Hier, nous avons déjà discuté de l'opportunité du contre-projet et de l'obligation de le soumettre au peuple, si le Grand Conseil l'acceptait. Je répète ici que l'article premier de la loi sur les droits d'enregistrement dit bien que les droits d'enregistrement sont un impôt. La demande du Grand Conseil était, à mon avis, superfétatoire, mais enfin Mme Calmy-Rey s'y est prêtée: ses services ont livré un avis de droit vraiment très fouillé, très circonstancié, qui ne laisse aucun doute. Par conséquent, toutes les questions qui se posent sur l'éventualité de soumettre ou non au peuple le projet de loi 8708 s'il est voté, sont absolument superfétatoires et dénotent la volonté de ceux qui continuent ce débat de le retarder le plus possible. Je pense que Mme Calmy-Rey va dire à peu près la même chose en des termes plus choisis: je la laisse le faire !
Mme Micheline Calmy-Rey, présidente du Conseil d'Etat. Effectivement, une fois n'est pas coutume: je vais dire à peu près la même chose que M. Blanc ! Je vais même répéter ce que j'ai dit hier soir, à savoir que les droits d'enregistrement sont des impôts, ce que confirme très clairement l'avis de droit de l'administration fiscale cantonale, que vous allez tous recevoir - je suis désolée que vous ne l'ayez pas encore reçu. Deuxièmement, le projet de loi qui vous est proposé prévoit une baisse d'impôt et doit être soumis au peuple en vertu de l'article 53A de la constitution cantonale. Cela ne souffre pas de contestation.

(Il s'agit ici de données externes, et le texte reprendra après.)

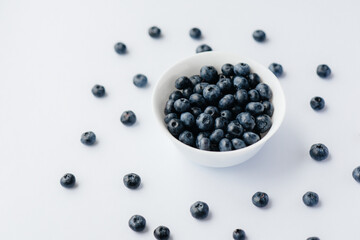 Beautiful ripe blueberries in a glass bowl on a white background. Healthy food, and vitamins.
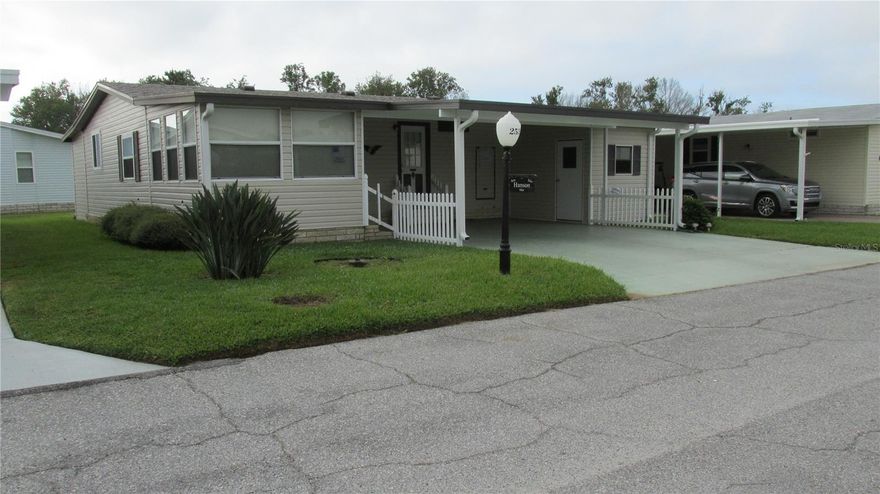 This well-maintained home is a spacious 1000 SF home with plenty of room for storage. An additional storage area behind the home may be able to be used for storage or for working on your hobbies. The side-by-side parking is especially convenient for two vehicles. The carport roof was replaced at the same time as the shingle roof.  Window replacement was completed in 2019, new roof installed in April 2023. Kitchen cupboards are original but have been refreshed with new paint. The plumbing has also been updated, no gray pipe as well. New anchors and vapor barrier was installed, 2023.The A/C that was replaced in 2017. This furnished home in a lovely community is a must-see gem. With amenities that includes inside and outside activities to keep you active and social with all your friends throughout the community. We have a very challenging 18-hole executive golf course along with a practice net.   Fishing and boating are another option for those that are outdoors enthusiasts along with outside Shuffleboard courts. Our billiard room offers two billiards tables and a shuffleboard table. For those that like to hold a book to read, our library offers many books for your enjoyment. All this and many parties, dances, and entertainment. If you enjoy swimming, we have a beautiful pool that has the ability to be heated and cooled.
Please come take a tour and see this home and beautiful community.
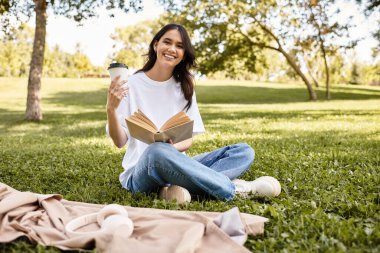 Kalın giysiler giyen bir kadın, sonbahar güneşinde parkta rahatlar, kitap okur ve kahvesini yudumlar..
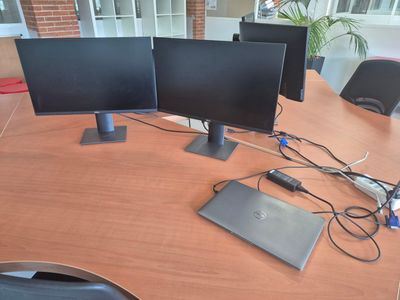 three computer monitors sitting on top of a wooden desk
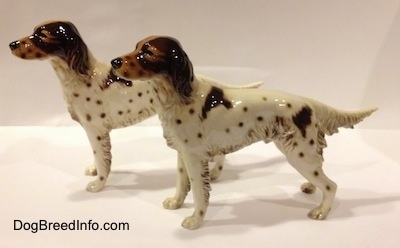 The left side of two porcelain brown and white English Setter figurine. The figurines brown faces and black circles for eyes.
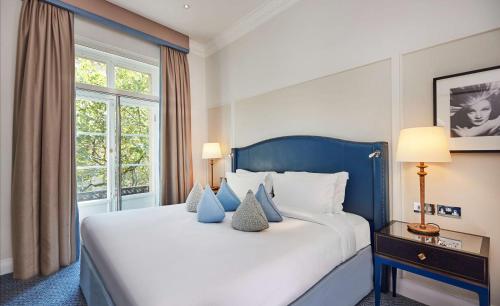 伦敦希尔顿华尔道夫酒店的一间卧室设有一张大床和一个窗户。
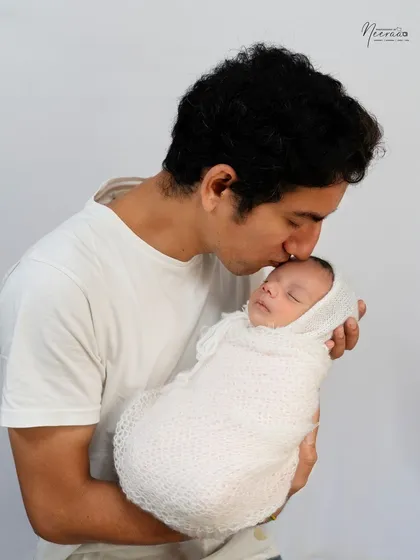 A father's promise of protection and love, sealed with a gentle kiss. These simple, powerful moments between a father and his newborn are truly priceless.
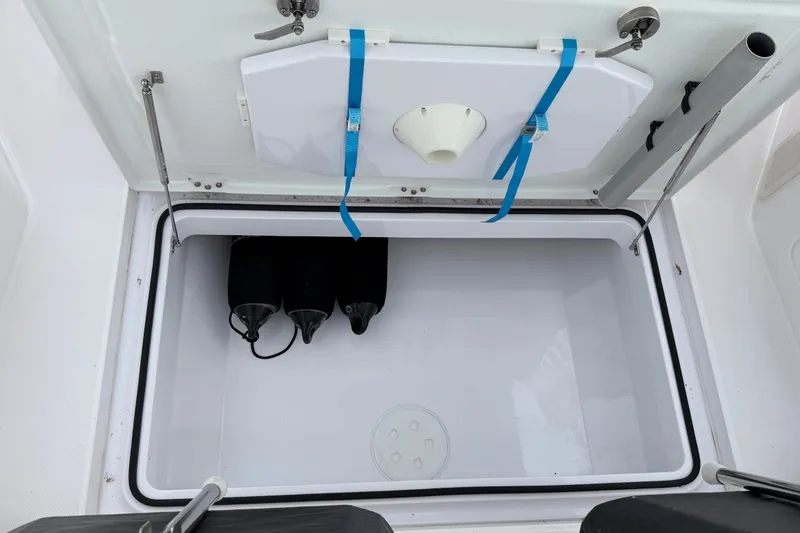 Slide: The Image of Storage compartment of 2023 Axopar 28 Cabin boat, featuring secure straps and fenders. - 46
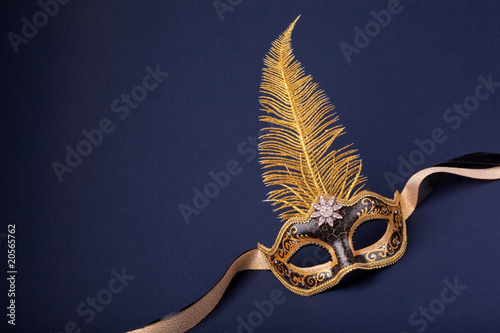 black and gold feathered mask on a dark background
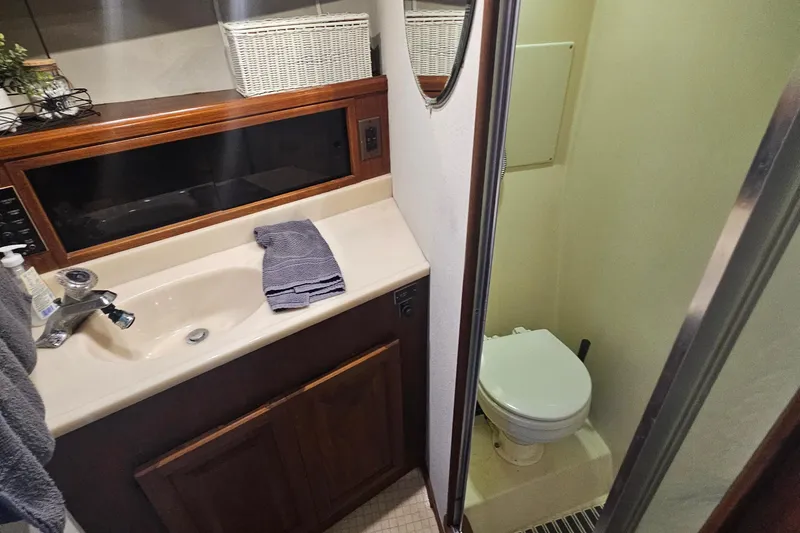 Slide: The Image of 1986 Viking 35 Convertible yacht bathroom with sink, toilet, and mirror. - 3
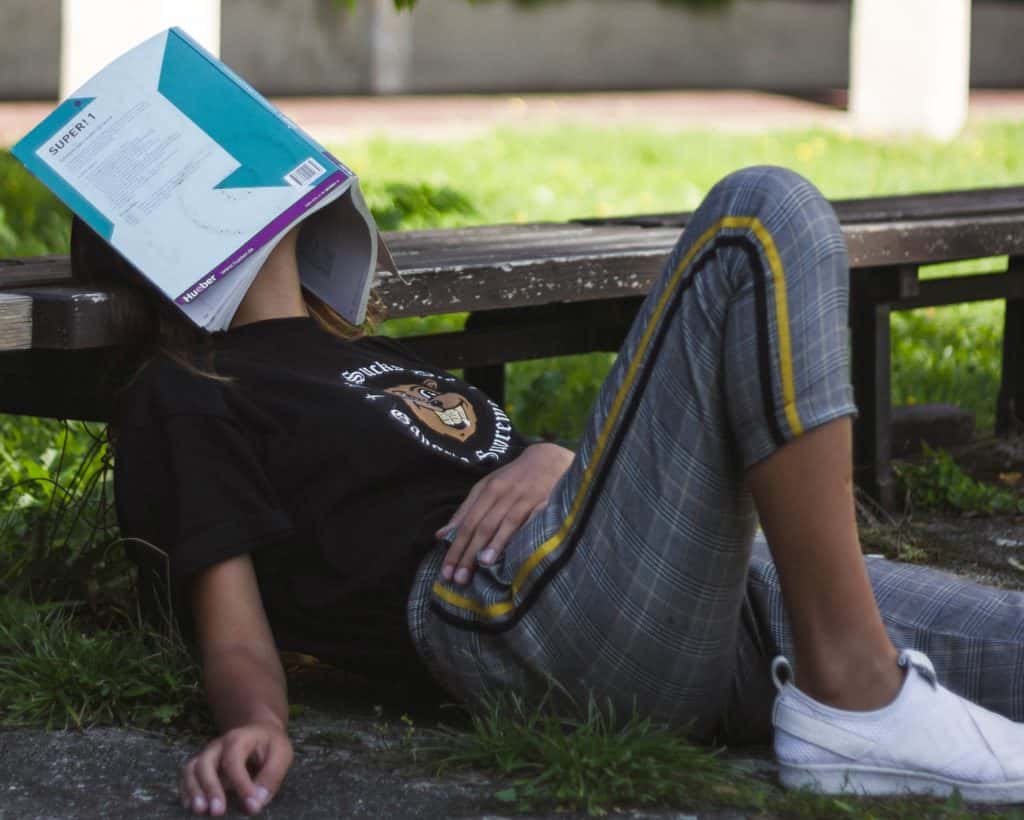 Teenager with a book covering her face while she rests her head against a bench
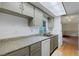 Kitchen featuring laminate counters, white appliances and light gray cabinets at 5250 Brody Blvd, Wimauma, FL 33598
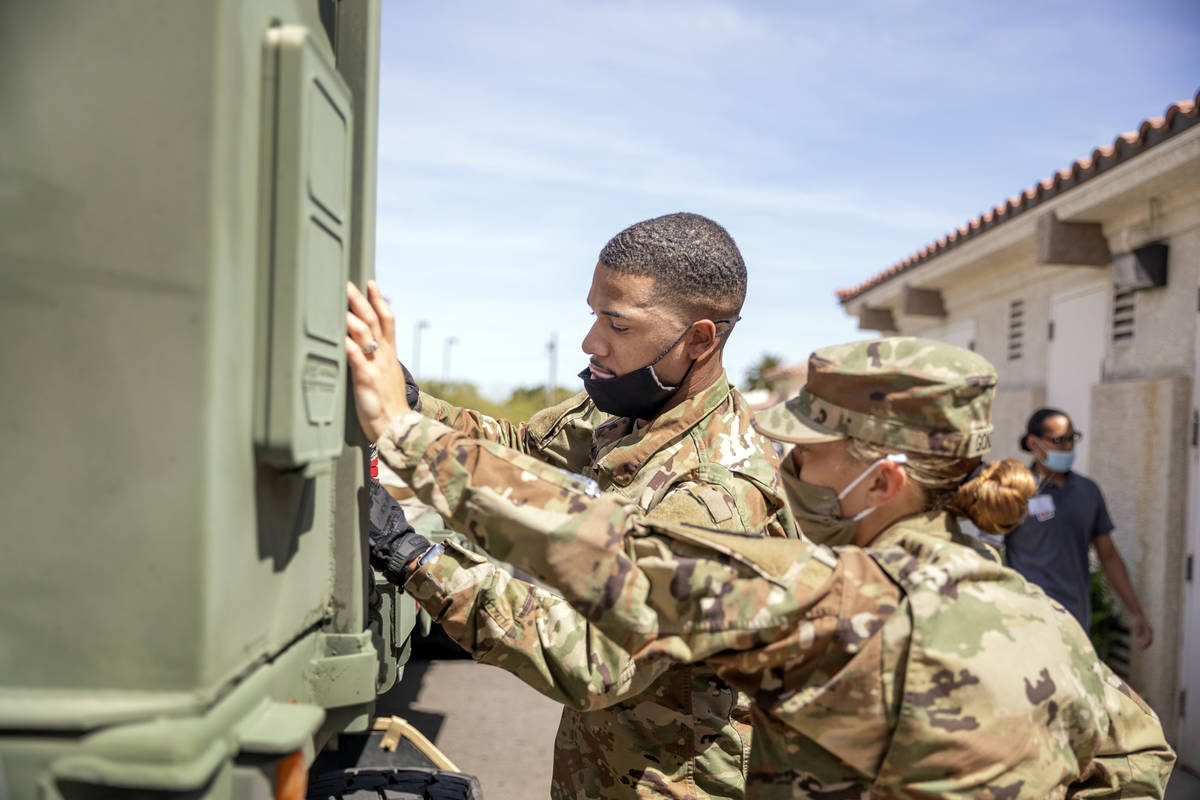 Nevada National Guard Spc.Donshay Watkins, left, and Sgt. Vanessa Gonzales unload personal prot ...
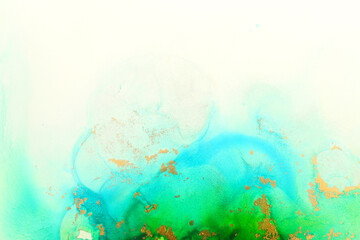 art photography of abstract fluid art painting with alcohol ink, ocean colors, green, turquoise, blue and gold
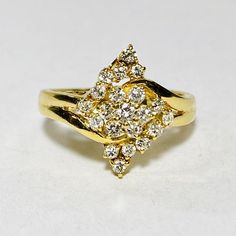 a yellow gold ring with two rows of diamonds in the shape of a flower, on a white surface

Enfin, pour ce qui concerne le contre-projet, il est meilleur que l'initiative à la fois sur la forme et sur le fond. Sur la forme, l'initiative présentait des difficultés d'exécution que ne connaît pas le contre-projet. Sur le fond, ce dernier plafonne les diminutions d'impôts et prévoit même des diminutions plus grandes si les actes de vente sont moins élevés. Il est donc fondamentalement plus attractif que l'initiative, je l'ai déjà dit. Je vous recommande donc, Mesdames et Messieurs, de bien vouloir adopter le principe d'un contre-projet, puis de voter la discussion immédiate sur le projet 8708. (Applaudissements.)
Le président. Je mets aux voix le principe du contre-projet. Le vote électronique va débuter...
Mis aux voix, le principe de présenter un contre-projet est adopté par 55 oui contre 24 non et 2 abstentions.
Le président. Nous allons donc pouvoir débattre du projet de loi 8708. Je rends la présidence à M. le président du Grand Conseil...
Présidence de M. Bernard Annen, président
Le président. Nous sommes donc en débat de préconsultation en ce qui concerne le projet de loi 8708. Je passe la parole à Mme Hagmann...
Préconsultation
Mme Janine Hagmann (L), rapporteuse de majorité. Monsieur le président, je demande la discussion immédiate...
Mise aux voix, la proposition de discussion immédiate est adoptée.
Premier débat
M. Albert Rodrik (S). Quand on parle logement, nous, les socialistes, entendons d'abord protection des locataires et loyers équitables, constructions de HBM et encouragement aux coopératives d'habitation... Dans le débat qui se déroule maintenant, nous ne retrouvons pas nos aspirations en matière de logement. Qu'elle soit vice ou vertu, ce n'est probablement pas dans l'accession à la propriété du logement que se pose le problème social du logement, en tout cas pas pour nous. Ce que nous constatons ce soir, entre l'initiative et le contre-projet, c'est que nous allons distribuer des cadeaux Bonux - prélevés sur une hotte qui est toujours celle des finances genevoises, c'est-à-dire des contribuables - à des citoyens qui n'ont probablement pas besoin de la mansuétude du législateur. C'est de cela qu'il s'agit. A partir de là, si vous voulez vous préoccuper de cet aspect-là de la politique du logement, libre à vous, mais il ne nous concerne pas de très près !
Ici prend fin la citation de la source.